Poor countries should receive between US$400 billion and US$2 trillion per year from rich countries by 2050 to help them cut greenhouse gas (GHG) emissions and fight climate crisis, finds a new paper published on March 16, 2015 by the Grantham Research Institute on Climate Change and the Environment and the ESRC Centre for Climate Change Economics and Policy at London School of Economics and Political Science.

The paper finds: By comparison, wealthier countries including the US, Japan and the EU members have promised to deliver an annual $100 billion by 2020.

“The climate finance goals to which high-income countries have committed are rather unambitious,” wrote the researchers in the study. “Transfers never exceed 1% to 2% of gross domestic product (GDP) for high-income country regions in any of the model projections. The cost to high-income countries, while substantial, is not likely to be prohibitive.”

The researchers, Alex Bowen, Emanuele Campiglio and Sara Herreras Martinez, used economic models to calculate the amount of money would need to be transferred between countries if the costs of cutting emissions to avoid climate crisis were paid for in an equal way depending on their national income.

Climate finance is a key element of negotiations among more than 190 nations as they try to devise by year-end a new agreement to fight climate change that will come into effect in 2020. Developing countries argue they need the cash to take expensive measures needed to both cut emissions and fight the effects of rising temperatures that are already being seen.

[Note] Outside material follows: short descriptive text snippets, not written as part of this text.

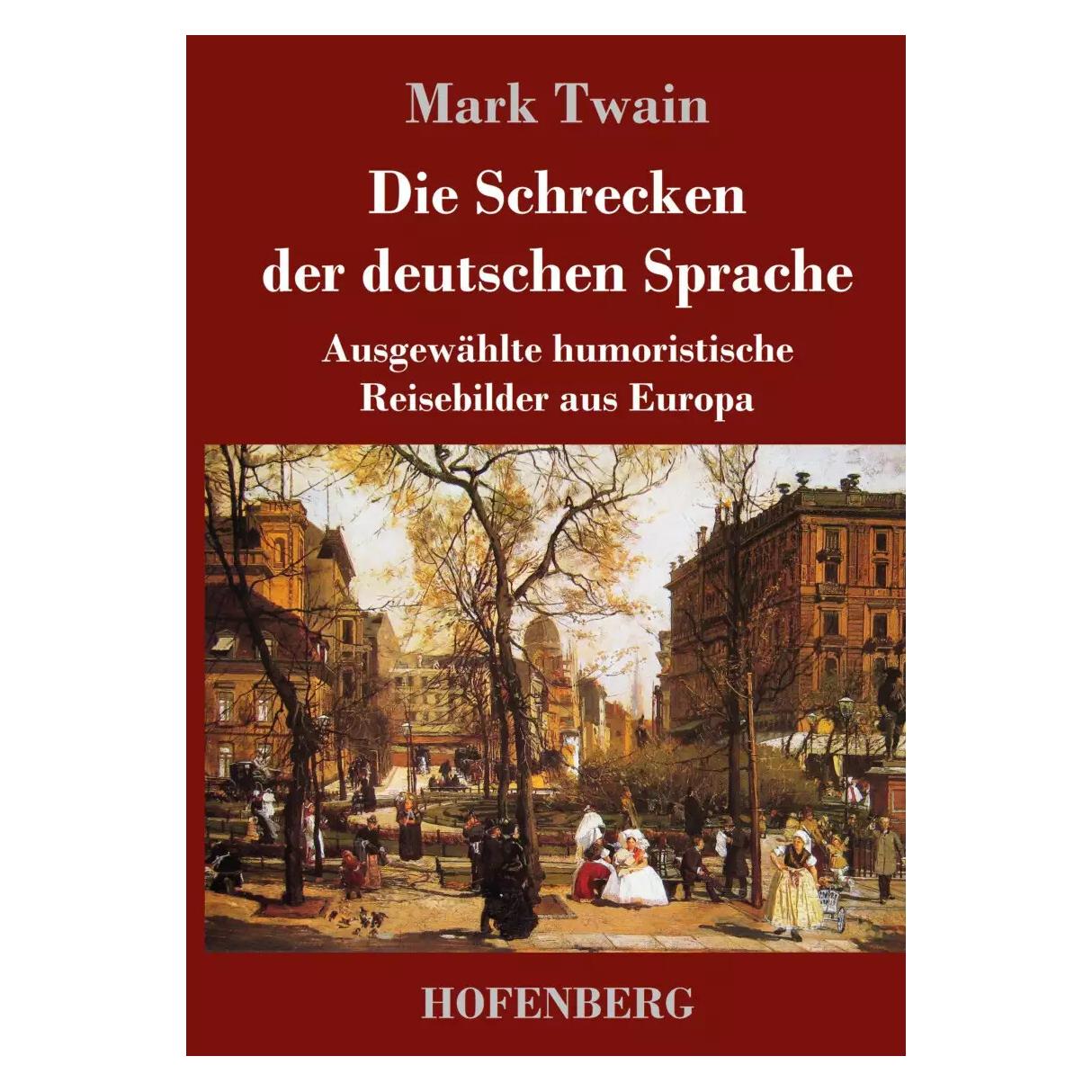 Hofenberg Die Schrecken der deutschen Sprache (Mark Twain, Deutsch) (38963526)
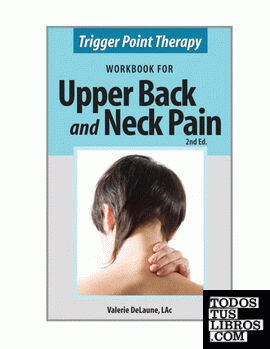 Trigger Point Therapy Workbook for Upper Back and Neck Pain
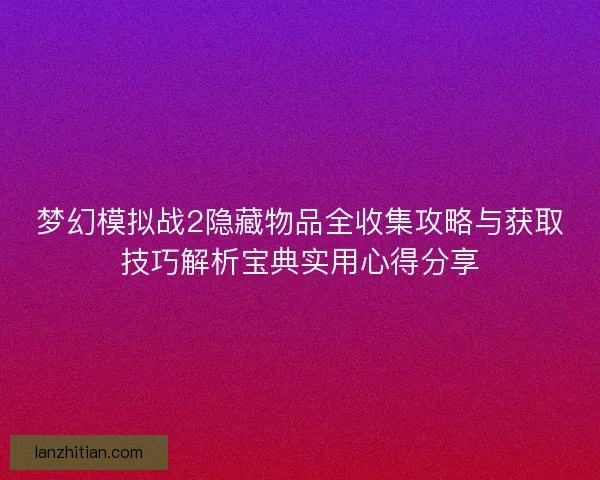 梦幻模拟战2隐藏物品全收集攻略与获取技巧解析宝典实用心得分享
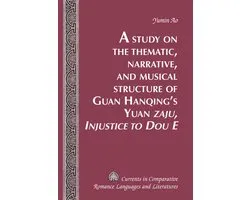 Currents in Comparative Romance Languages and Literatures 240 - A Study on the Thematic, Narrative, and Musical Structure of Guan Hanqing’s Yuan «Zaju, Injustice to Dou E»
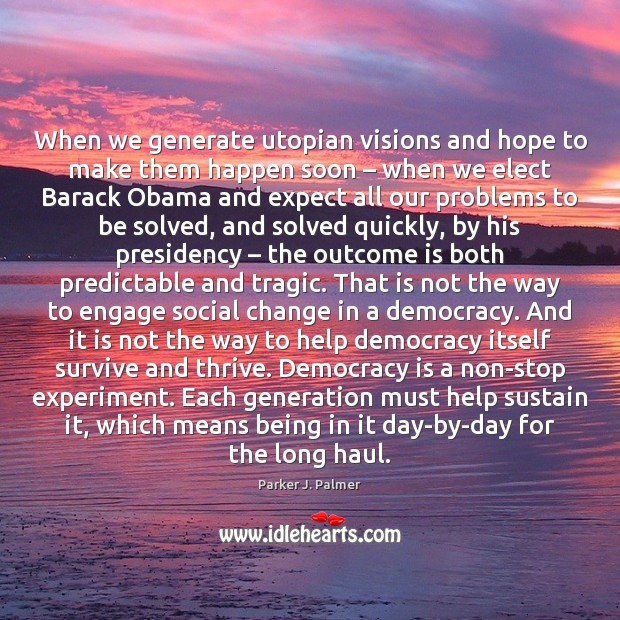 When we generate utopian visions and hope to make them happen soon – Democracy Quotes Image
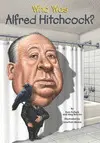 WHO WAS ALFRED HITCHCOCK?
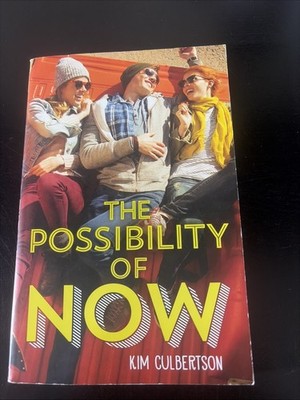 The Possibility of Now Kim Culbertson YA Contemporary Novel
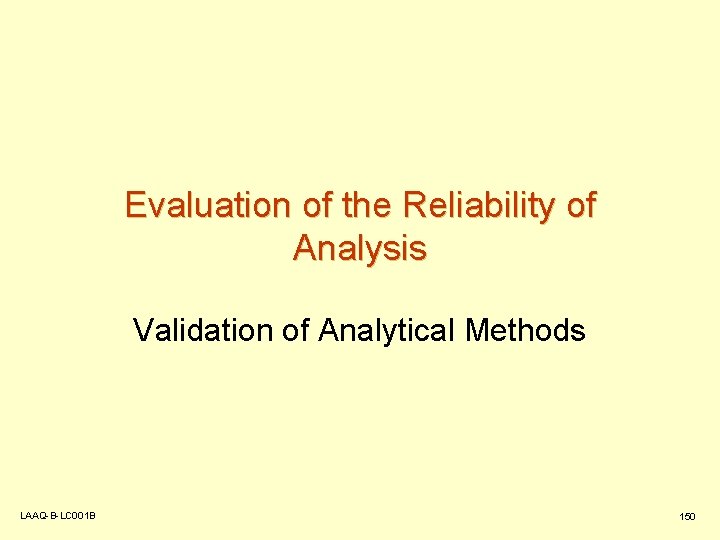 Evaluation of the Reliability of Analysis Validation of Analytical Methods LAAQ-B-LC 001 B 150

Those include higher sea levels, more frequent droughts and heat waves.

The researchers examined the costs of reducing GHG emissions to a level that would contain warming since the Industrial Revolution to the globally-agreed goal of 2 degrees Celsius. They then devised a formula to distribute the costs “equally” according to a country’s economic output.

The paper, which has been submitted to Climate Policy journal, states: “The definition of equal effort means that the reforming economies and current oil exporting regions would receive relatively large amounts as a share of GDP.”

Rich countries agreed at the UN climate change summit in Cancún in 2010 to provide an additional US$100 billion per year by 2020 from public and private sources to help developing countries to cut GHG emissions and to adapt to those impacts of climate crisis that cannot be avoided.

The study finds that although private investors can provide some climate finance, there will likely still be a considerable shortfall each year.

It states: “A review of the main possible sources and channels of climate finance suggests that all of them are currently very far from their potential. The shortcomings of public climate finance appear particularly hard to overcome.”

It adds: “Relying on investors motivated purely by financial returns may underpin international climate finance more effectively than the fluctuating goodwill of policy-makers.”